■ **Exercise objective**
Wherever "Necklace" appears in the records below, copy the line that holds it.
Segment Start: Exercise materials
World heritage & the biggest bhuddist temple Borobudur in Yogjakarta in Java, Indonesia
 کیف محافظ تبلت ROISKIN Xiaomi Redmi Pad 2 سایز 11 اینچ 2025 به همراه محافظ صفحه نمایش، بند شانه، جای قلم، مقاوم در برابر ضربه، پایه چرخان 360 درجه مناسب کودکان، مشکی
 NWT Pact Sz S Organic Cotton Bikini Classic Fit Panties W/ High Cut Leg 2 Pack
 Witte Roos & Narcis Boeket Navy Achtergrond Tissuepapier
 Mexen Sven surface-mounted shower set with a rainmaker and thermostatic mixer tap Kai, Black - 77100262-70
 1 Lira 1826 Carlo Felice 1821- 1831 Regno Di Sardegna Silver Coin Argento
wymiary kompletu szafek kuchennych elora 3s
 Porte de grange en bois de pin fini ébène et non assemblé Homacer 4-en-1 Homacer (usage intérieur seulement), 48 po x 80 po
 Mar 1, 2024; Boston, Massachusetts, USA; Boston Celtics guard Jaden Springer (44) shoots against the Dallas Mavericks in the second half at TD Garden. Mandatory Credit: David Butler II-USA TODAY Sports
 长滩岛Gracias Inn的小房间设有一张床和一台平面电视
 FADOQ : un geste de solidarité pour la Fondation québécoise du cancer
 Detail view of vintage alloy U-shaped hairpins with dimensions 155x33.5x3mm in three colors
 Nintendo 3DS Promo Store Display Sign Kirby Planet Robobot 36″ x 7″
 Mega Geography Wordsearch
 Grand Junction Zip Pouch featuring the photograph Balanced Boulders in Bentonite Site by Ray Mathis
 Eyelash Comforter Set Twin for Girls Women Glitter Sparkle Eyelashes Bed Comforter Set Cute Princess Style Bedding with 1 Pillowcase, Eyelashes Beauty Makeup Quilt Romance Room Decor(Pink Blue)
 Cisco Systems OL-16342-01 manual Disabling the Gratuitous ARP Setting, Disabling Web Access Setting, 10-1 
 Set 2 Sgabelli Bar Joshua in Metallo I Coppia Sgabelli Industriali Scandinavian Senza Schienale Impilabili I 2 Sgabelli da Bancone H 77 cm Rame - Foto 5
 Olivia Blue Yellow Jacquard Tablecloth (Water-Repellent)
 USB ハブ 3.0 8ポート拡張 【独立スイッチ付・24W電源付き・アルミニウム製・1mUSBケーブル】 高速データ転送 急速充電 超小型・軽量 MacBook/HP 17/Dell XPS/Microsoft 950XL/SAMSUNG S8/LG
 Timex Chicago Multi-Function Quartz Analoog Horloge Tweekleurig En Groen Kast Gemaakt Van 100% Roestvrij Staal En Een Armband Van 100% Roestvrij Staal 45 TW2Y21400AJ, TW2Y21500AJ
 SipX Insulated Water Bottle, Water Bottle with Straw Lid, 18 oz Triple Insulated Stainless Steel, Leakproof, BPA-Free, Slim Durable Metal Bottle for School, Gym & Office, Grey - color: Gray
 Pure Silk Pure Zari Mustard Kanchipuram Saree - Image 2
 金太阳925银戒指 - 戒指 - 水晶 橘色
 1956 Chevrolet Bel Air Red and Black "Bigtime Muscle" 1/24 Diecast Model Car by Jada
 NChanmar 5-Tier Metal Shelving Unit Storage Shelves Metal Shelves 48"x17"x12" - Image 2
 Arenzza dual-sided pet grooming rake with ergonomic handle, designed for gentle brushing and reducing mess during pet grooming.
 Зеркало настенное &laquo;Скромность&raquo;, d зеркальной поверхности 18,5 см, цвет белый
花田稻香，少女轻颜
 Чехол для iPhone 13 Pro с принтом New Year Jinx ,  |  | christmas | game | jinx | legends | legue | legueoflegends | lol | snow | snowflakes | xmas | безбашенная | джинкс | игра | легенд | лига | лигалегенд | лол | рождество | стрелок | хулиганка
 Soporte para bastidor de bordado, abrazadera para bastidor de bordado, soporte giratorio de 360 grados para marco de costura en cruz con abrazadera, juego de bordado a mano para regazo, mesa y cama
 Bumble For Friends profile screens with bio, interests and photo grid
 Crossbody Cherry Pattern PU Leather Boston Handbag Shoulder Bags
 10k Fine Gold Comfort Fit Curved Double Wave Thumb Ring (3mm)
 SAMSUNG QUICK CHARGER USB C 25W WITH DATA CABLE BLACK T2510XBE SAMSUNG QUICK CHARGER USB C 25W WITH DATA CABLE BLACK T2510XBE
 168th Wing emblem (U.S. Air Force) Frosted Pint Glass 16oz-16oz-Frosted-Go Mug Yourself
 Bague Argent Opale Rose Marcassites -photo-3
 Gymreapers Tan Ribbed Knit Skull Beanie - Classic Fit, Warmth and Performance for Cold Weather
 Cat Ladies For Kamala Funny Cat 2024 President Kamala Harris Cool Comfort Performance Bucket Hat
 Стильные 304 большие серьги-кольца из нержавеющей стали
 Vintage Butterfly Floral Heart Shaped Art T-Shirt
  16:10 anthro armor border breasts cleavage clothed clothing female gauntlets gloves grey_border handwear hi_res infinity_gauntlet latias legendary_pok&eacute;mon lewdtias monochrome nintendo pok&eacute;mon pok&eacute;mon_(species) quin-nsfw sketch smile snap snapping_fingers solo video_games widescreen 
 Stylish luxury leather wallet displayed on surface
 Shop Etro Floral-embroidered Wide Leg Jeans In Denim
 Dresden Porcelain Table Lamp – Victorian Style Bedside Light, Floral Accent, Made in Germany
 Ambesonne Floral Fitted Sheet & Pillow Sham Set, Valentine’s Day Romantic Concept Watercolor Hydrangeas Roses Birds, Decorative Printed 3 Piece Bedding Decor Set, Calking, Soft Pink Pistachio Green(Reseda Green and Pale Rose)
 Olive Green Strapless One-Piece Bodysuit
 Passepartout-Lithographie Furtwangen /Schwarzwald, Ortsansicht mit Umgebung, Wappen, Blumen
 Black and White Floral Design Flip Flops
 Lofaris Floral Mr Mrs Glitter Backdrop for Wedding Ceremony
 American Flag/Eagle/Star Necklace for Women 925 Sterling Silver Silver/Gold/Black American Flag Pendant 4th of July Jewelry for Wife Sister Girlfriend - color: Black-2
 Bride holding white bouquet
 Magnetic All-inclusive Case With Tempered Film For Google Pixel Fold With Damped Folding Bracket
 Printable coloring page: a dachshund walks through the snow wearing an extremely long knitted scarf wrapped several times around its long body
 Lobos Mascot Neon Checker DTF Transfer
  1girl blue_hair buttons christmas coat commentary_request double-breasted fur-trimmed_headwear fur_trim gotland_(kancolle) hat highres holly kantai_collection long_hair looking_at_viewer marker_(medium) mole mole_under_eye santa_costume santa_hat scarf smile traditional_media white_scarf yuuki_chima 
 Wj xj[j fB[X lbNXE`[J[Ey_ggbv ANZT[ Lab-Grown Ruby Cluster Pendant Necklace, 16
Segment End: Exercise materials
■ **Reply to the exercise**
 American Flag/Eagle/Star Necklace for Women 925 Sterling Silver Silver/Gold/Black American Flag Pendant 4th of July Jewelry for Wife Sister Girlfriend - color: Black-2
 Wj xj[j fB[X lbNXE`[J[Ey_ggbv ANZT[ Lab-Grown Ruby Cluster Pendant Necklace, 16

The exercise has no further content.